In 1669, Spain’s Queen Regent Mariana de Austria (Mariana of Austria) approved the construction of a masonry fort to protect St. Augustine. Today, we know this fortification as the Castillo de San Marcos National Monument. Yet, what do we know about the historical leader behind the monumental decision?
Born on December 24, 1634, Mariana started her life as Maria Anna in Vienna. She was the second daughter of Ferdinand and Maria Anna, the rulers of Hungary and Bohemia. Her family belonged to the House of Habsburgs, one of the most powerful dynasties in Europe. At the age of two, her father became the head of the Holy Roman Empire. Destined for a premier marriage match, she received an education in languages, history, geography, religion, and the arts.
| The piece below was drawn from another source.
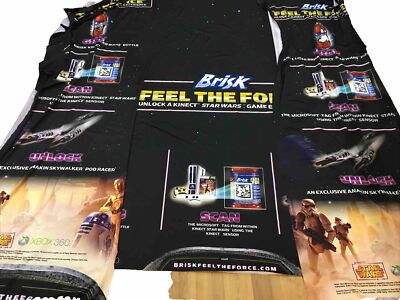 Rare Star Wars Brisk Iced Tea Xbox Kinect Podracer Huge Display banner lot of 3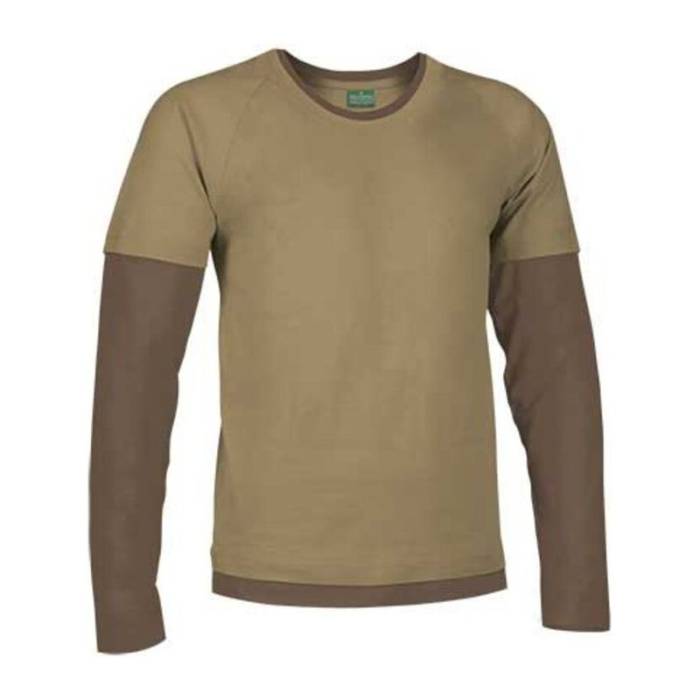 Typed T-Shirt Denver - Kamel Brown-Chocolate Brown<br><small>EA-CAVADENKC20</small>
By the age of 12, Maria Anna became engaged to her cousin, the Spanish heir. The engagement did not last as the infante passed away three months later. Instead, her widowed uncle, King Philip IV, at the age of 44-years-old married her on October 7, 1649. Upon becoming the queen consort, she adopted the Spanish name Mariana.
When King Philip IV died in 1665, he left behind Mariana and their two children – Margarita Teresa and Carlos II (Charles II). The Council of Castile appointed Mariana as queen regent until her three-year-old son came of age. Her regency inherited a bankrupt, global empire with increasing political and natural issues. During her decade of power, her contemporaries challenged her ability to govern as both a foreigner and a woman – often leading to costly wars and courtly intrigues.
Of her many decisions as monarch, several saved a faltering St. Augustine. After experiencing years of financial strain, a pirate attack in June 1668 roused Mariana to action. On March 11, 1669, the queen regent issued her decree ordering the viceroy of New Spain to send subsidies to the city. She also added funding for the building of a masonry fortification and additional soldiers. To oversee the project, she sent Don Manuel de Cendoya to St. Augustine as the new royal governor. Her judgement protected and spurred the city’s growth over the following decades. This growth even led to a later governor requesting the same regent queen for a new two-story, coquina Governor’s House in St. Augustine.
Back in Europe, an opposition grew against Mariana. Juan José de Austria (John Joseph of Austria), Philip IV’s illegitimate son, headed a military uprising in 1669 and again in 1677. The second successful coup resulted in Mariana’s exile from court. Yet, the queen regent returned once more to rule on behalf of her sickly son in 1679. Queen Regent Mariana of Austria reigned until her death on May 16, 1696 – a year after the completion of the Castillo de San Marcos.